_WHAT YOU WILL DO_: Starting with the line that has "Persol PO0649 Aviator" in the records below and stopping after the line that has "ZOMAKE 6 Set", output every line exactly and nothing else; skip pictures.

_DATA TO USE_:

※ ※ ※

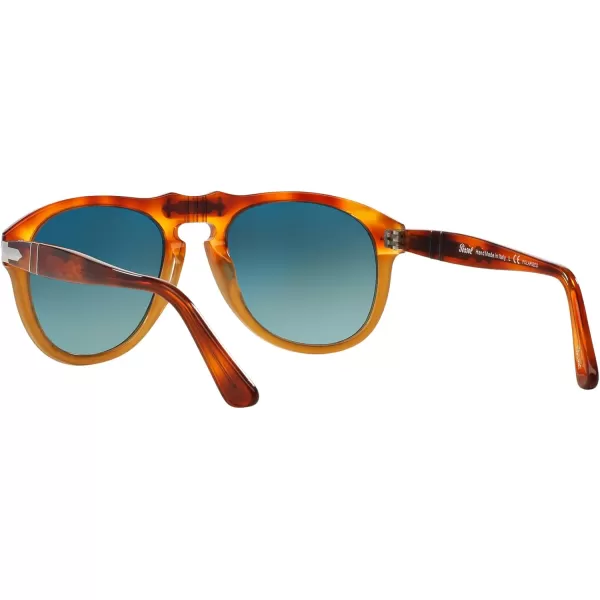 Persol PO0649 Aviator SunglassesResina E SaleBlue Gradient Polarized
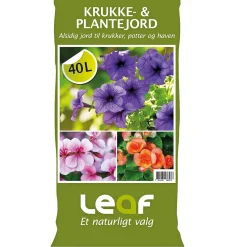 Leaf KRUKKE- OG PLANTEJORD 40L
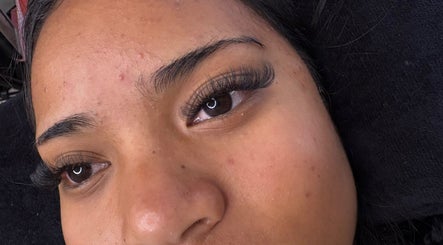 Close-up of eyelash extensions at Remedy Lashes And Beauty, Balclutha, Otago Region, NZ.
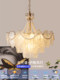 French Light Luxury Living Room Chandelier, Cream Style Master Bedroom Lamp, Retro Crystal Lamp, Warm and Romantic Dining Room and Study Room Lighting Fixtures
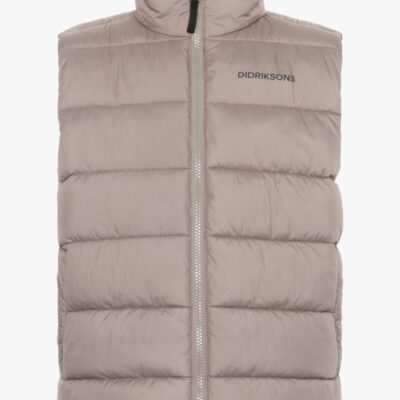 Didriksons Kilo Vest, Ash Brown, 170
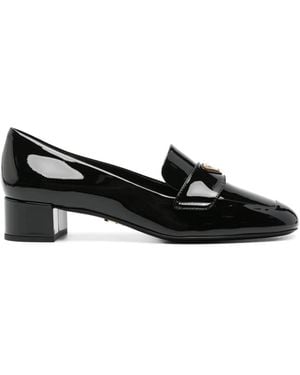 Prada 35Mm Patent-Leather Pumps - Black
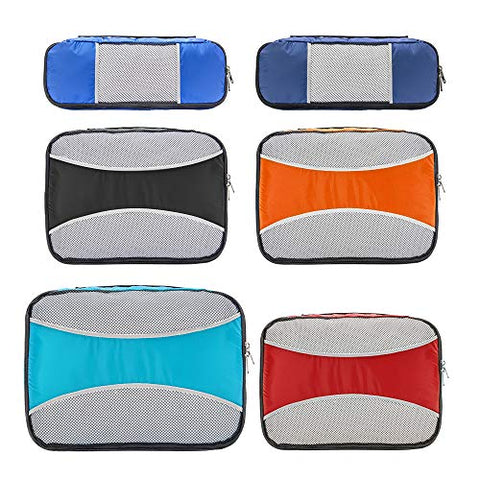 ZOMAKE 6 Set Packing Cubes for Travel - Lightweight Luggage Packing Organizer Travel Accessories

※ ※ ※

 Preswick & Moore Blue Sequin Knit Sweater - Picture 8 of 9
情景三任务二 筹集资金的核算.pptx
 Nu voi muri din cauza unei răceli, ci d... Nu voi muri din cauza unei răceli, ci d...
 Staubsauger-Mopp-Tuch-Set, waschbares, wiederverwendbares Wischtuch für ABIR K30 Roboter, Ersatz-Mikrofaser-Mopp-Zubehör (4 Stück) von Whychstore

※ ※ ※

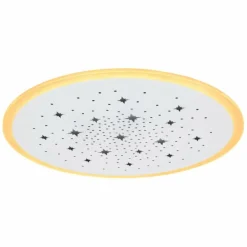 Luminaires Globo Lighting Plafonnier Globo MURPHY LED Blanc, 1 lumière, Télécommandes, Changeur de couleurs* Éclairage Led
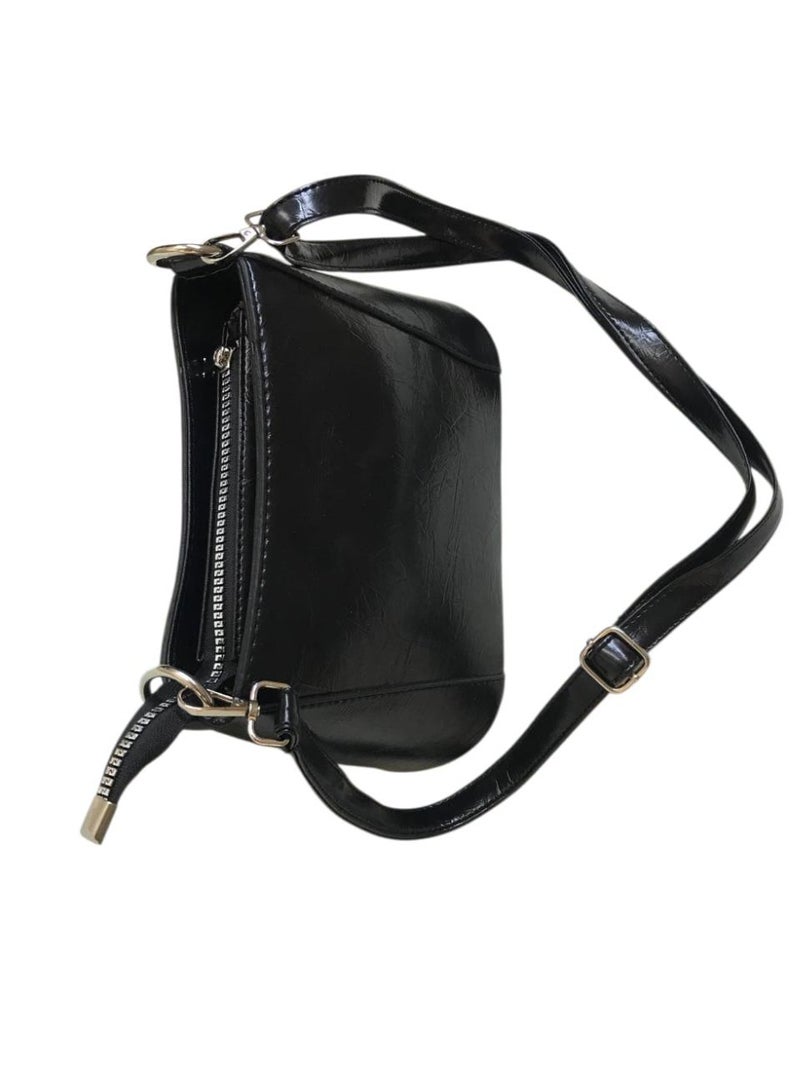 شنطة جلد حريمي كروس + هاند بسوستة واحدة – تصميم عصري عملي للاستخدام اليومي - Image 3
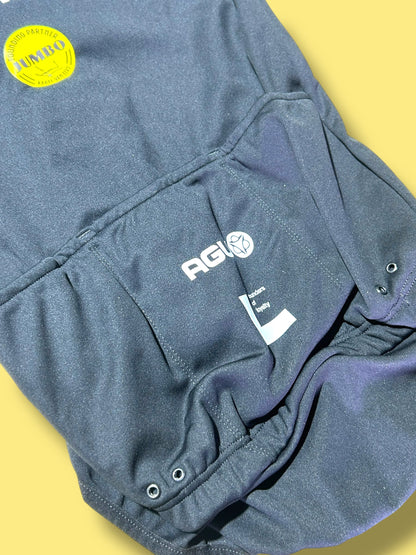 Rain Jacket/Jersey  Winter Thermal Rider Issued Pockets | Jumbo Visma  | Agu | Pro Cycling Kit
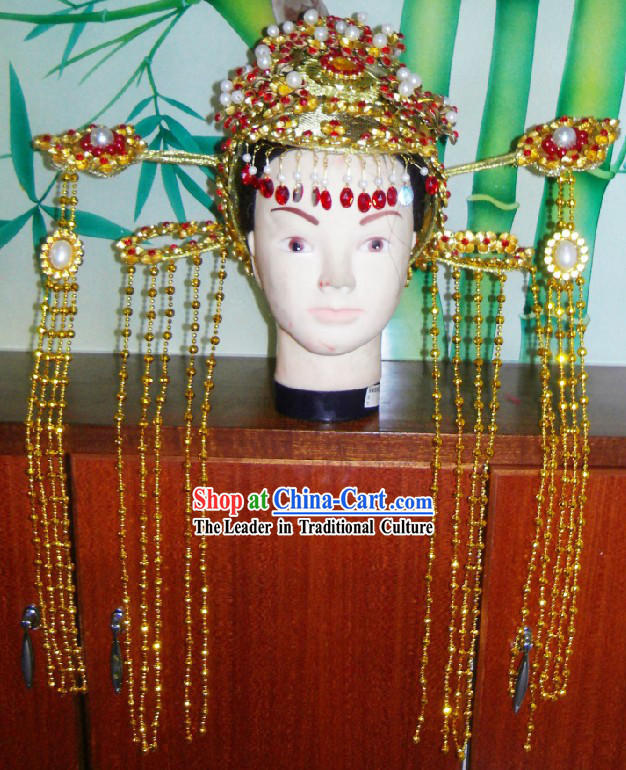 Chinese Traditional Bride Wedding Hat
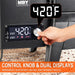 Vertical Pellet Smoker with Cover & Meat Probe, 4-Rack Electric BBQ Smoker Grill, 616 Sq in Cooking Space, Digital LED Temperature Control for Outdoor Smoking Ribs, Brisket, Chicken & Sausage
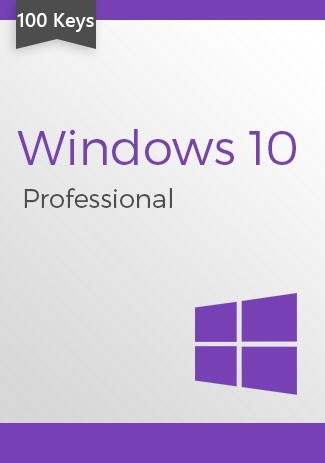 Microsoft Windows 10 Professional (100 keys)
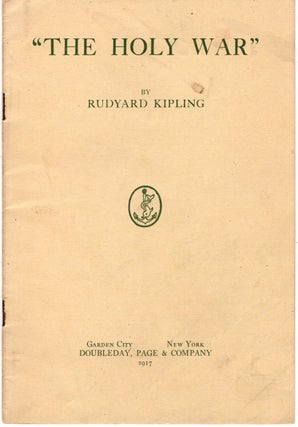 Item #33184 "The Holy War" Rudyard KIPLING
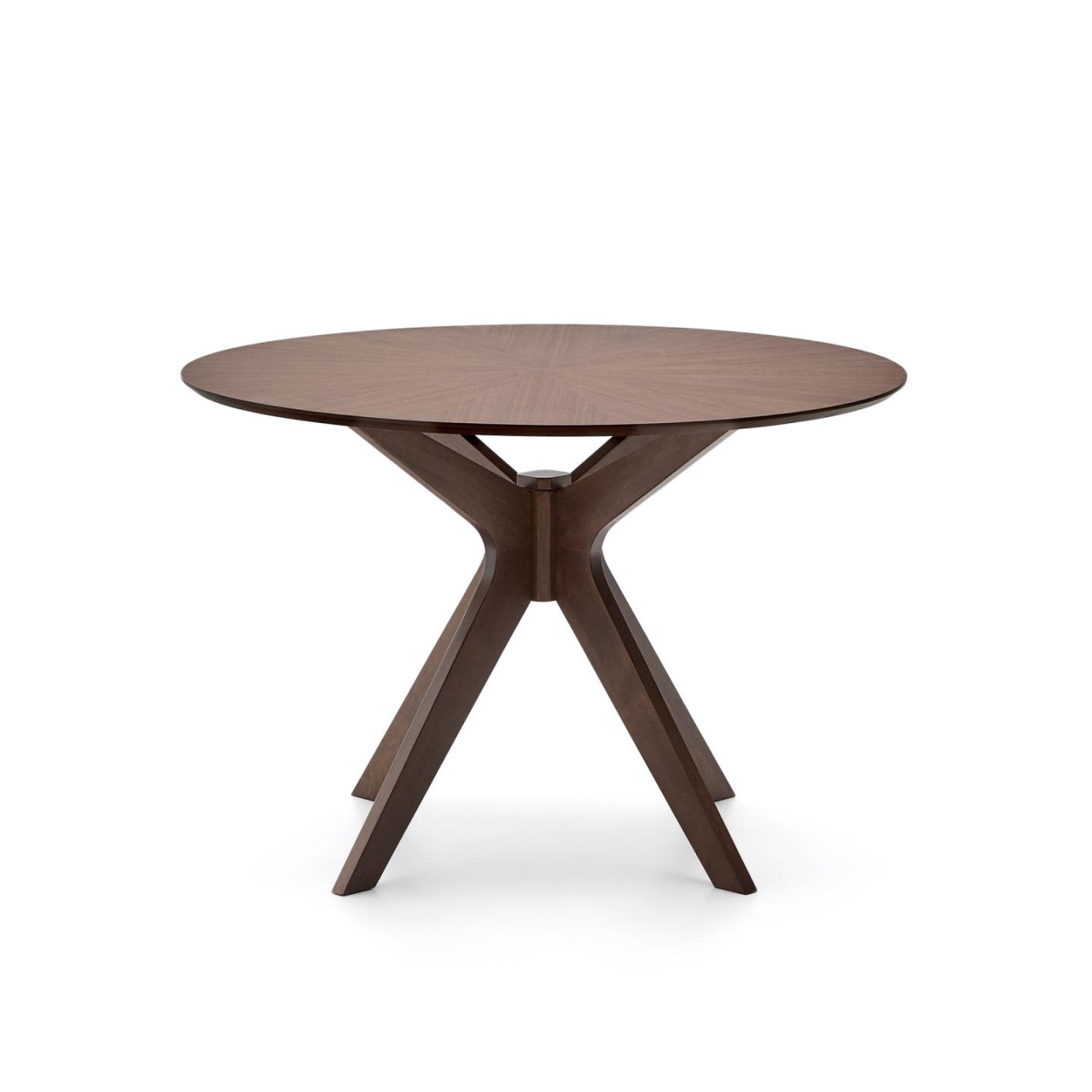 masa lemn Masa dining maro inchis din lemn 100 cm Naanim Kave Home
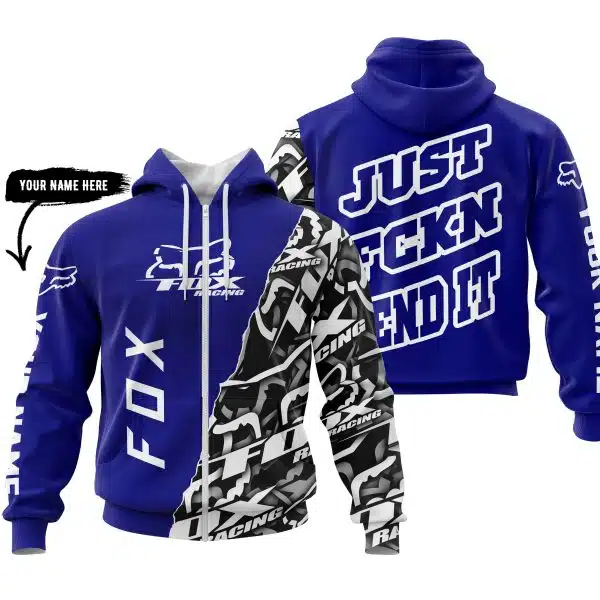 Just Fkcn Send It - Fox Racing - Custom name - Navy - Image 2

※ ※ ※

_YOUR RESPONSE_:
 Persol PO0649 Aviator SunglassesResina E SaleBlue Gradient Polarized
 Leaf KRUKKE- OG PLANTEJORD 40L
 Close-up of eyelash extensions at Remedy Lashes And Beauty, Balclutha, Otago Region, NZ.
 French Light Luxury Living Room Chandelier, Cream Style Master Bedroom Lamp, Retro Crystal Lamp, Warm and Romantic Dining Room and Study Room Lighting Fixtures
 Didriksons Kilo Vest, Ash Brown, 170
 Prada 35Mm Patent-Leather Pumps - Black
 ZOMAKE 6 Set Packing Cubes for Travel - Lightweight Luggage Packing Organizer Travel Accessories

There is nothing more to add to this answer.